David Lake


David Lake




David has lived in La Sal for six years.

Raised in Castle Dale, Utah, in a family of avid outdoorsmen, David spent a lot of time outside hiking, hunting, four-wheeling, etc.  He loves to be outdoors and especially to see wildlife.  In fact, that is part of what drew him to La Sal in the first place, it’s proximity to outdoor opportunities in the La Sal and Blue Mountains and the red rock desert.  (Estimates say there are over three hundred bears on the south side of the La Sals alone.)  David is constantly hiking around the area exploring all the nooks and crannies looking for wildlife, seeing new country, and shed-horn hunting.  Shed-horns are antlers that are shed by deer and elk every year.  His stockpile of antlers is continually growing.  When asked if he ever gets lost, he says, “I’ve never gotten lost.  Just delayed”




David has a knack for seeing wildlife.  Some would say he attracts it, because animals seem to always turn up wherever he goes.  One extreme example is when he was chased by a mountain lion in the Bookcliffs.  He was on a four-wheeler when a mountain lion ran across the road in front of him and dissappeared behind a ridge.  David stopped, got off the four-wheeler, and hiked to the top of the ridge with his video camera to get a shot of the cat.  He was looking through the lens of the camera and lost sight of the animal.  He took his eye away from the camera and scanned the area when he saw movement in the tall grass.  It was the lion, walking directly towards him.  David started to back off when suddenly the lion growled and began to run, right for him.  David turned and burned.  He reached the four-wheeler, turned it on, and gunned it.  But the four-wheeler didn’t budge.  The parking brake was on.  By the time he released the brake and started going the mountain lion was only ten feet behind him.  The roar of the engine deterred the big cat only for a moment, long enough for David to get away.  When there was a safe distance between them, David stopped and looked back.  The cat crept towards him.  Then ran at him, again.  David took off again.  The cat stopped.  David stopped, thinking the animal would be frightened enough to run off by now.  But the lion ran at him a third time.  By now David realized he was on the menu so he floored it as fast as he could and got as far away from the mountain lion as possible.  David has had so many other encounters with mountain lions, although not as threatening as this one, that his brothers have nicknamed him “Cat Nip.”




All the time David spends outdoors transfers through his fingertips onto elements found there: stone, wood, and antlers.  He started out etching on stone with an electric engraving tool over twelve years ago.  His ability to draw has come natural to him ever since he was a child.  He’s even produced a few impressive paintings.  After engraving about two hundred scenes into stone in seven years he got a little bored and wanted to do something more three-dimensional.  So, after being inspired by some carvings done by Ron Ramsey, he excitedly decided to turn it up a notch.  He was going to carve something.  He started with a slab of cottonwood, a Dremel tool and some bits.  There was a slight learning curve with figuring out what effect each bit could produce.  It was slow going.  But he readily absorbed the new techniques, which combined with his natural artistic abilities, he was largely confident with his skill by the time he was finished with his first piece.





11antler carving






He has done thirty-five wood carvings and four on antlers so far.  With each progressive piece that he does the detail becomes more intricate and the dimension more realistic.  The biggest piece he’s done was a large scene on walnut that was about four feet by two and a half feet.  He’s done two pieces for the Rocky Mt.
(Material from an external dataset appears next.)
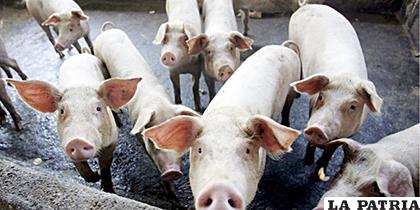 Imagen de una granja porcina /Archivo EFE /Made Nagi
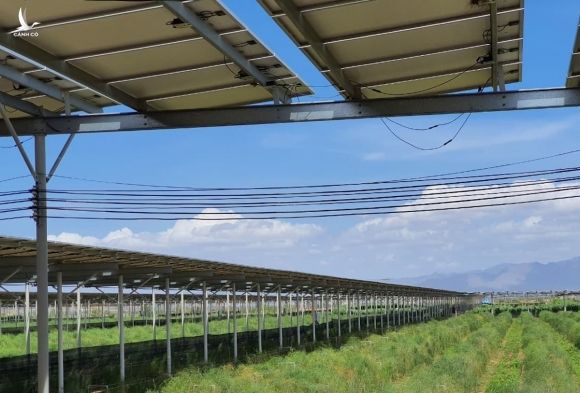 Một mô hình điện mặt trời kết hợp trồng cây nông nghiệp ở miền Trung. Ảnh: Duy Hà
Elk Foundation, and he’s received an Honorable Mention at the San Juan County Fair for his work.




Currently, David works as a welder’s helper and pipe fitter for Ivor Bradshaw (read Ivor’s story here), but when it comes to his art he knows no bounds and is working his way toward carving full time.  Doing  doors, mantles, and larger signs.  David Lake will soon be a name to look for when needing custom carvings for high-end homes, cabins, and businesses.